(Brief descriptive captions)
[Start of Attachment]

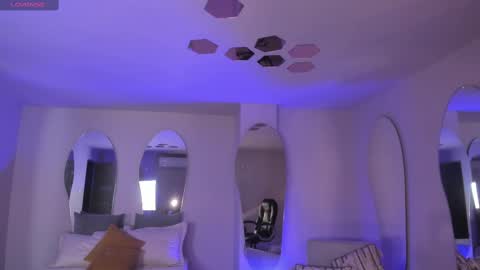 JADE EVANS online show from 03.02.25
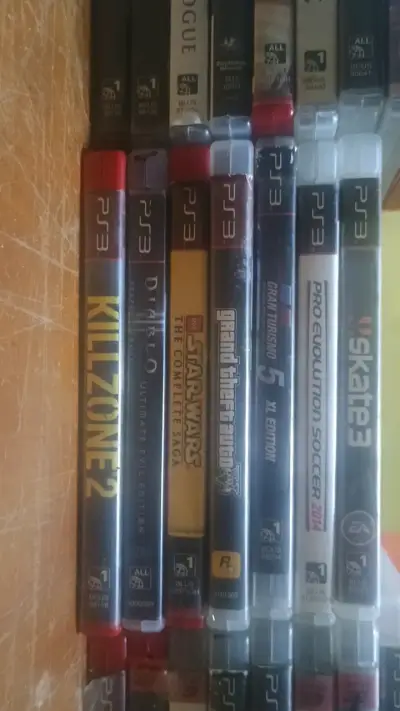 Colección de juegos PS3 variados en buen estado - miniatura 2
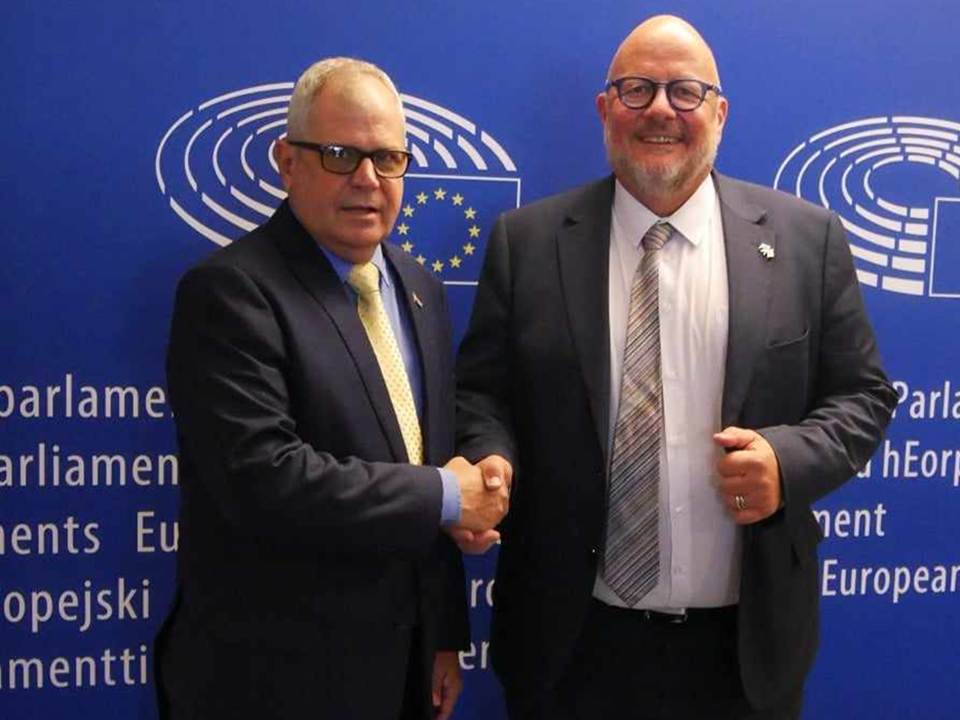Estrecha Cuba vínculos en el Parlamento Europeo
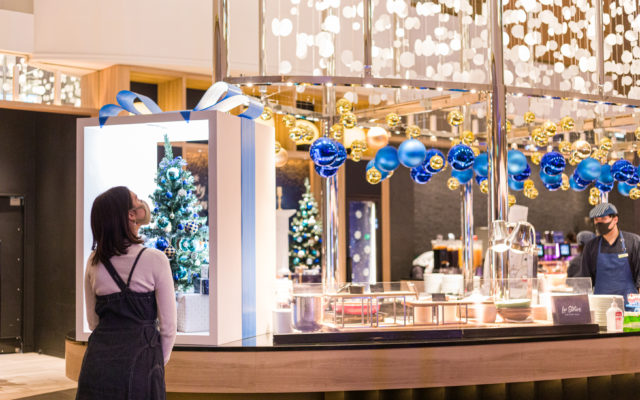 ヒルトンのクリスマスビュッフェ 今季は“ブルー“。豪華で伝統的な各国の料理を体験しよう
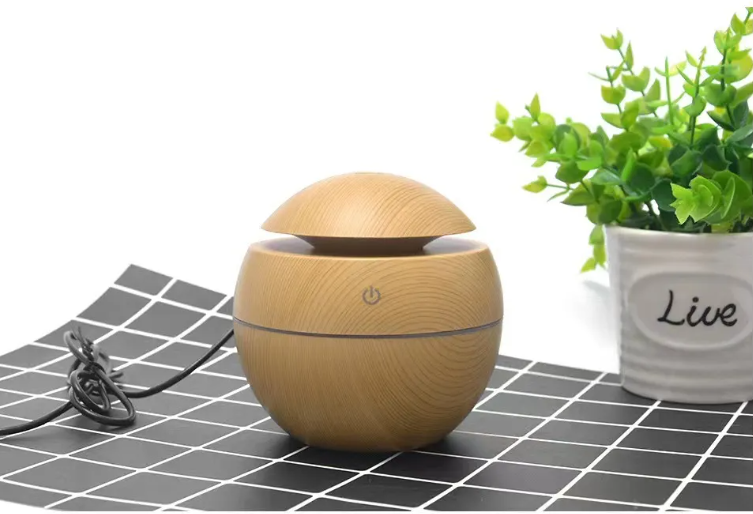 Wood Grain USB Aromatherapy Diffuser & Humidifier with LED Ambient Light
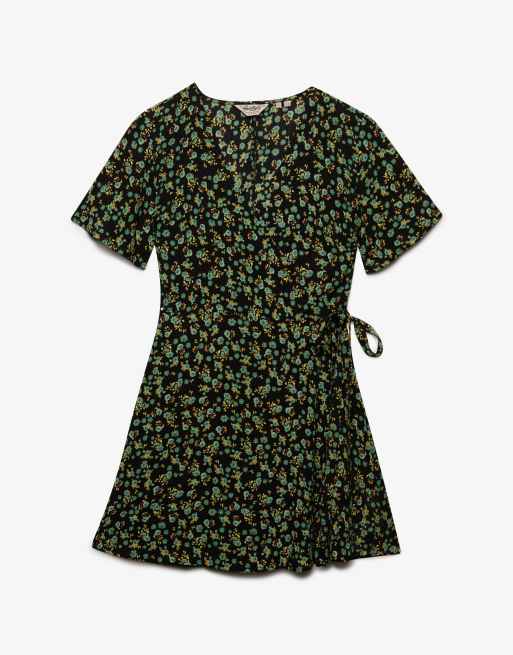 Superdry – Ausgestelltes Mini-Wickelkleid in Schwarz mit Ellys-Blumenmuster, 7 von 7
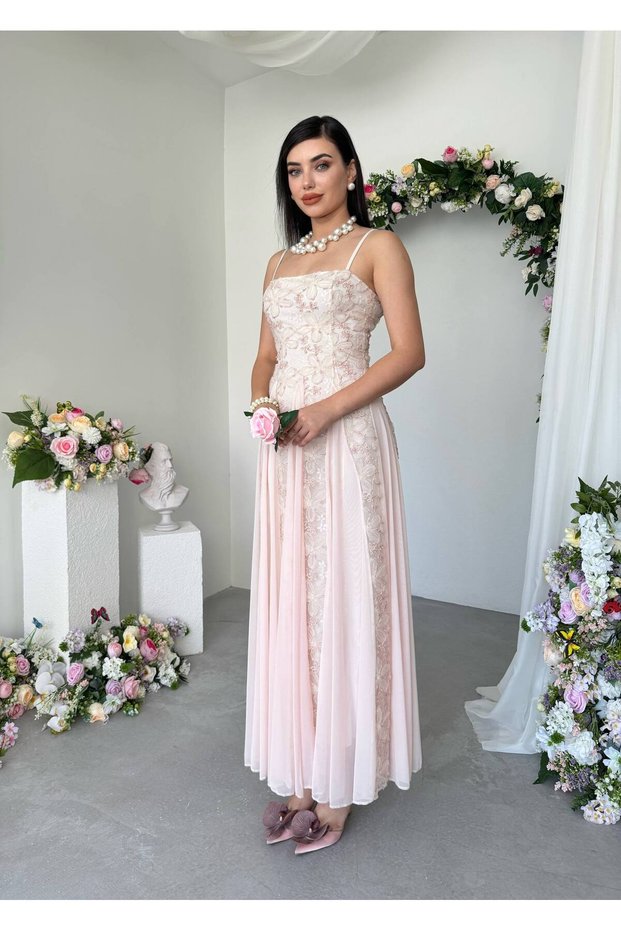 Women's Strappy Floral Embroidered Tulle Detail Long Dress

[End of Attachment]

▸ **What the task requires**
The data above is to be printed exactly, all of it, except for the pictures.

▸ **Your solution**
 JADE EVANS online show from 03.02.25
 Colección de juegos PS3 variados en buen estado - miniatura 2
Estrecha Cuba vínculos en el Parlamento Europeo
 ヒルトンのクリスマスビュッフェ 今季は“ブルー“。豪華で伝統的な各国の料理を体験しよう
 Wood Grain USB Aromatherapy Diffuser & Humidifier with LED Ambient Light
 Superdry – Ausgestelltes Mini-Wickelkleid in Schwarz mit Ellys-Blumenmuster, 7 von 7
 Women's Strappy Floral Embroidered Tulle Detail Long Dress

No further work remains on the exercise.